▶ _Problem to work on_
From the line that contains "Patron Burda 6341 Jupe" through the last line of the data, copy everything exactly and nothing else, omitting the pictures.

▶ _Records shown_

● ● ● ● ● ● ●

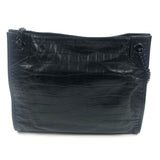 Black Crocodile Embossed Leather NIKI Shopping Bag / YVES SAINT LAURENT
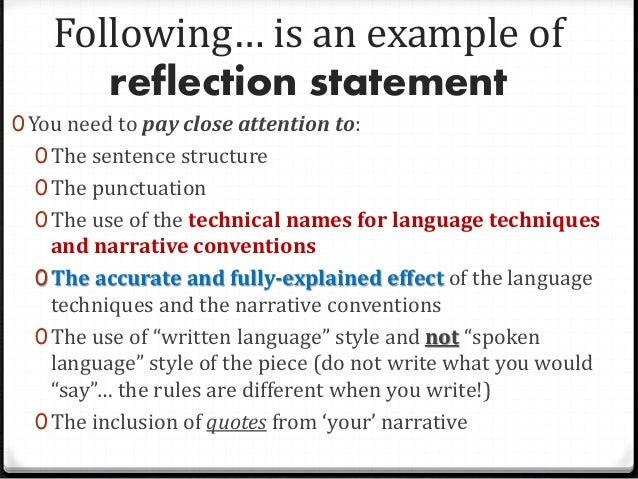 how to write a short reflection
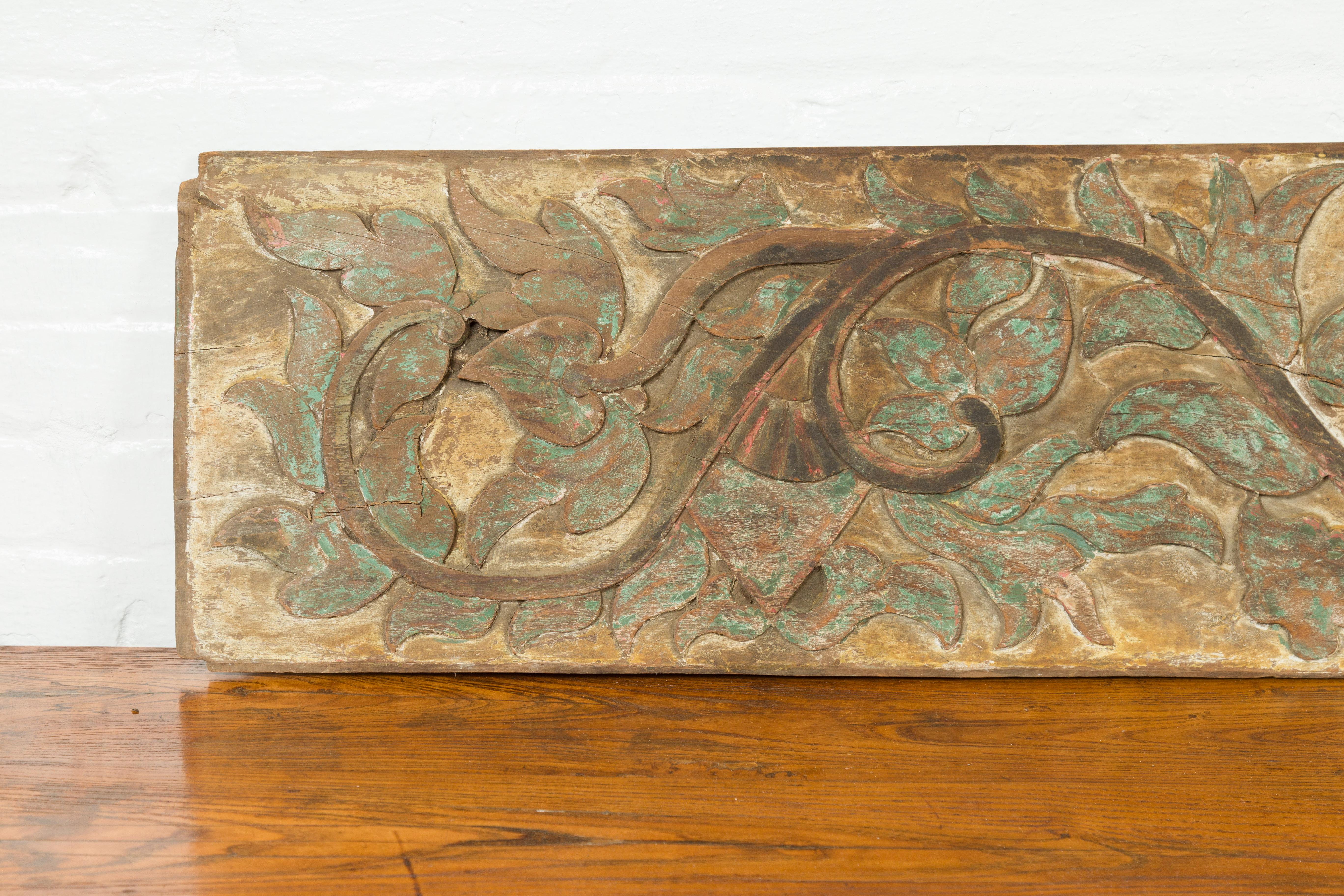 Antique Hand-Painted and Carved Wooden Door Panel with Scrolls and Foliage For Sale 2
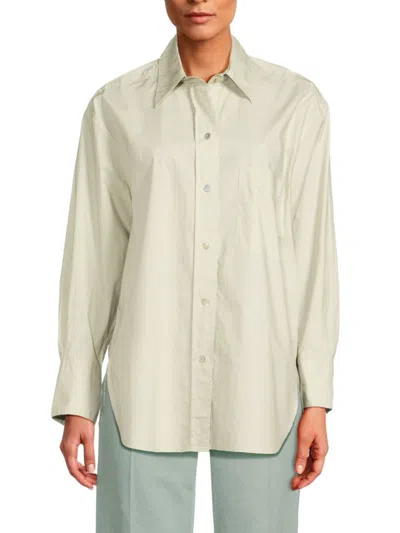 VINCE WOMEN'S SOLID LONG SLEEVE OVERSIZED SHIRT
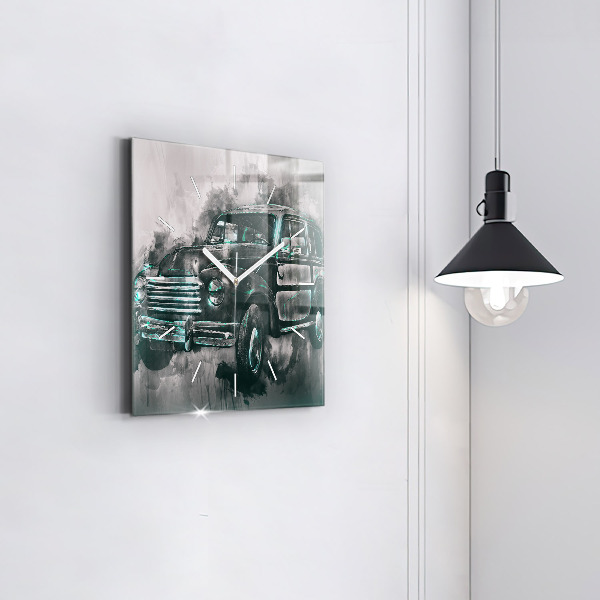 Horloge carrée en verre Voiture de la vieille école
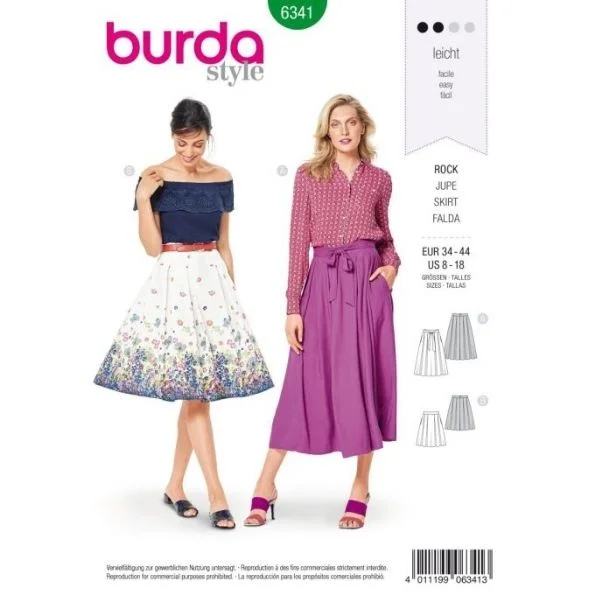Patron Burda 6341 Jupe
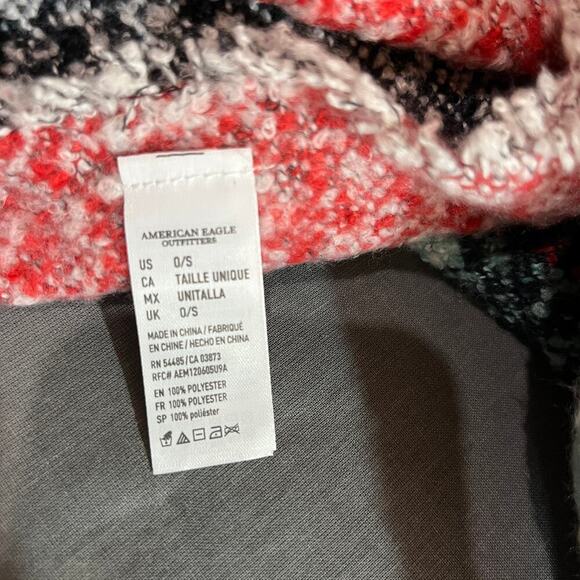 American Eagle Scarf Womens One Size Multicolor Plaid Flannel‎ Fringe Trim Boho - Picture 5 of 8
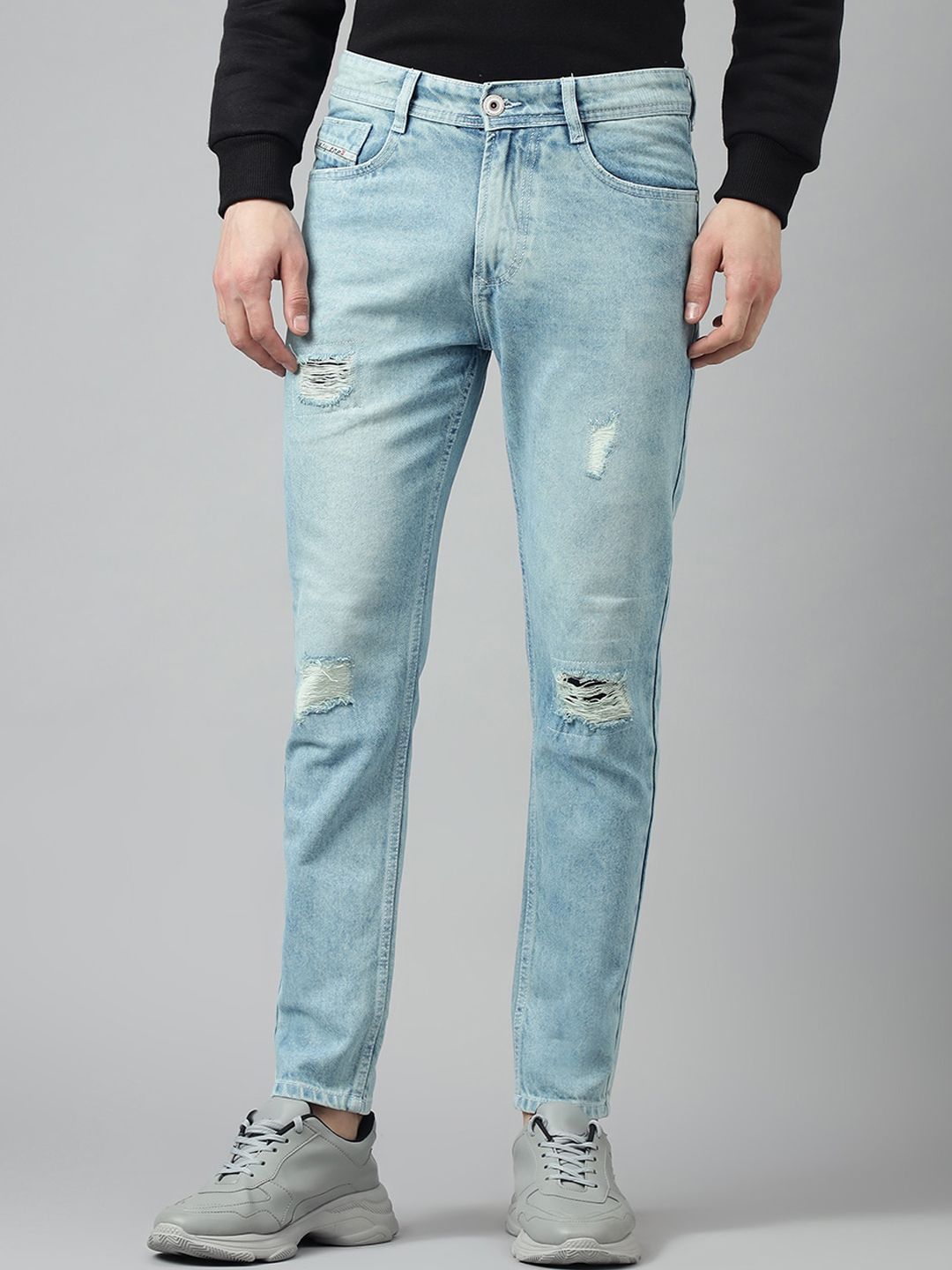 Slim-Fit Distressed Bleached Jeans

● ● ● ● ● ● ●

▶ _Solution to this exercise_
Patron Burda 6341 Jupe
 American Eagle Scarf Womens One Size Multicolor Plaid Flannel‎ Fringe Trim Boho - Picture 5 of 8
 Slim-Fit Distressed Bleached Jeans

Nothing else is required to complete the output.